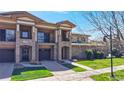 Charming home with a stone facade, a private balcony, and a well-kept lawn at 11374 Xavier Dr # 202, Westminster, CO 80031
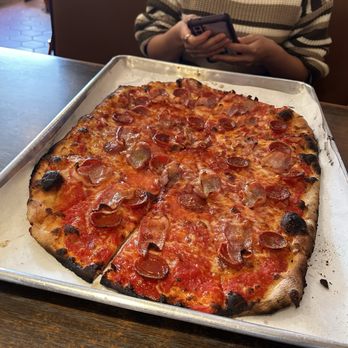 Sally's Apizza - Pepperoni and bacon pizza w/ red sauce - Pizza Near Me - New Haven, Connecticut Sally's Apizza - Pepperoni and bacon pizza w/ red sauce - Pizza Near Me - New Haven, Connecticut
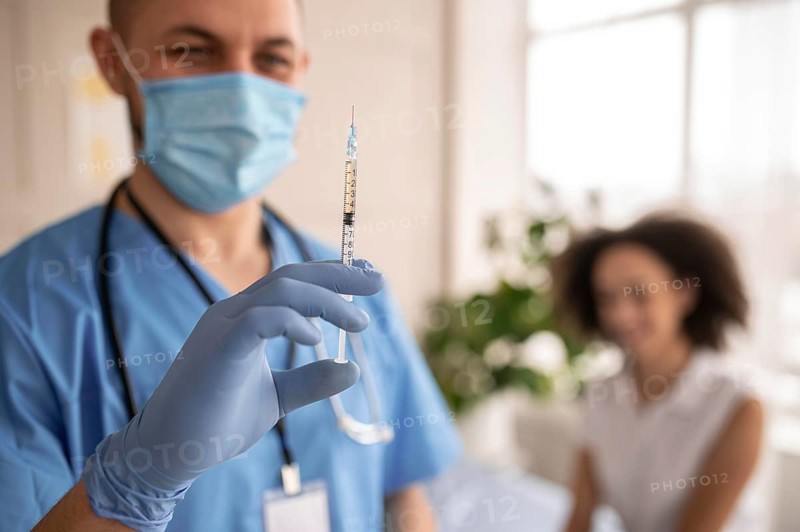 Doctor holding syringe with vaccine patient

- Work item:
Please restate the material word for word; the pictures stay out.

- Written response:
 Charming home with a stone facade, a private balcony, and a well-kept lawn at 11374 Xavier Dr # 202, Westminster, CO 80031
 Sally's Apizza - Pepperoni and bacon pizza w/ red sauce - Pizza Near Me - New Haven, Connecticut Sally's Apizza - Pepperoni and bacon pizza w/ red sauce - Pizza Near Me - New Haven, Connecticut
 Doctor holding syringe with vaccine patient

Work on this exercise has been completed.